Re: [PATCH] mmc: Some Micron eMMC devices cause reboot to hang

From: Alan Cooper
Date: Thu Aug 13 2020 - 14:25:00 EST


On Wed, Aug 5, 2020 at 4:28 AM Ulf Hansson <ulf.hansson@xxxxxxxxxx> wrote:
>
> On Mon, 27 Jul 2020 at 15:07, Alan Cooper <alcooperx@xxxxxxxxx> wrote:
> >
> > On Fri, Jul 24, 2020 at 7:03 AM Ulf Hansson <ulf.hansson@xxxxxxxxxx> wrote:
> > >
> > > On Tue, 21 Jul 2020 at 21:18, Al Cooper <alcooperx@xxxxxxxxx> wrote:
> > > >
> > > > When using eMMC as the boot device, some Micron eMMC devices will
> > > > cause reboot to hang. This is a result of the eMMC device not going
> > > > into boot mode after the hardware sends CMD0 to reset the eMMC
> > > > device. This only happens if the kernel driver sends CMD5 (SLEEP_WAKE),
> > > > to put the device into sleep state, before restarting the system.
> > >
> > > What do you mean by "boot mode"?
> >
> > I'm referring to the "Boot operation mode" described in Section 6.3 of
> > the JEDEC spec.
> > Our hardware will send a CMD0 with 0xf0f0f0f0 argument at powerup or
> > when the SoC is reset, and then hold the CLK signal low for 74 clock
> > cycles. This should put the eMMC device into boot mode where it
> > streams consecutive blocks without additional commands. With this
> > Micron device I find that if I send a CMD5 before trying to restart
> > the system by resetting the SoC, that the system hangs. I worked with
> > Micron on the issue and they finally said to either avoid sending the
> > CMD5 on restart or use a newer version of the Micron eMMC device.
>
> Thanks for clarifying the test sequence!
>
> However, I am still not (yet) convinced that a card quirk is the right
> thing to do. What does the eMMC spec say about sending a CMD0 with
> 0xf0f0f0f0 to a device that "sleeps"?

This is from the spec:
A Device may be switched between a Sleep state and a Standby state by
SLEEP/AWAKE (CMD5). In the
Sleep state the power consumption of the memory device is minimized.
In this state the memory device
reacts only to the commands RESET (CMD0 with argument of either
0x00000000 or 0xF0F0F0F0 or
H/W reset) and SLEEP/AWAKE (CMD5). All the other commands are ignored
by the memory device.


>
> Moreover, how does your mmc host driver (and platform) treat VCC and
> VCCQ at system suspend/resume, compared to when a reset is done? Is
> there a difference?

We don't change VCC and VCCQ during suspend.

>
> The point is, if the eMMC spec is being violated, we should not make a
> card quirk - as it may cause problems for other platforms.

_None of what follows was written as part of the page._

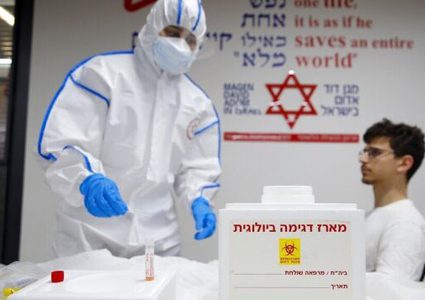 اعتقال مسؤول إسرائيلي سمح بإجراء فحوصات كورونا مقابل دفع أموال
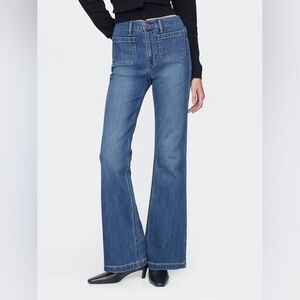 GAP 'High-Rise 70s Flare' Medium Wash Jeans with Front Pockets - Size 29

The eMMC spec is being violated here by the Micron eMMC device.
Our hardware has worked this way for over 10 years and has never had a
problem with any of the eMMC devices from the major manufacturers
including older and newer Micron eMMC devices.
When I talked to Micron on the phone, one engineer said it was a
firmware bug, but since it was an older chip that it wouldn't be fixed
and that we should use a newer family of Micron eMMC devices.

>
> >
> >
> > >
> > > When the kernel sends the CMD0 to wake up the eMMC from sleep, at
> > > system resume for example, it all works fine, I guess. What is the
> > > difference?
> >
> > On system resume the hardware will not try to put the eMMC device back
> > into boot mode.
>
> I see.
>
> Does your host driver support HW busy signalling, so DAT0 is monitored
> for de-assertion to confirm the CMD5 is completed by the kernel - or
> do you rely on the per card sleep timeout to be used in mmc_sleep()?

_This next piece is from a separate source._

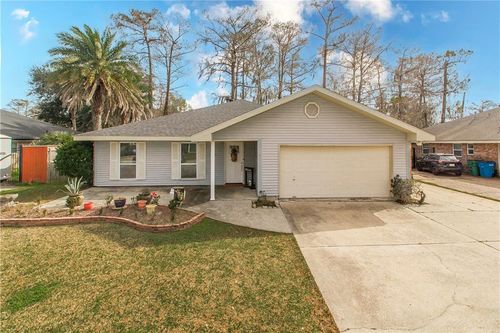 20 Parlange Dr, Destrehan, LA, 70047-2131 | Card Image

We use the per card sleep delay.

>
> Additionally, I wonder about what options you have to reset the eMMC?
> Can we use something along the lines of
> drivers/mmc/core/pwrseq_emmc.c? If it's not possible to do a HW reset,
> we could try sending CMD0 with argument being '0' in the reset path.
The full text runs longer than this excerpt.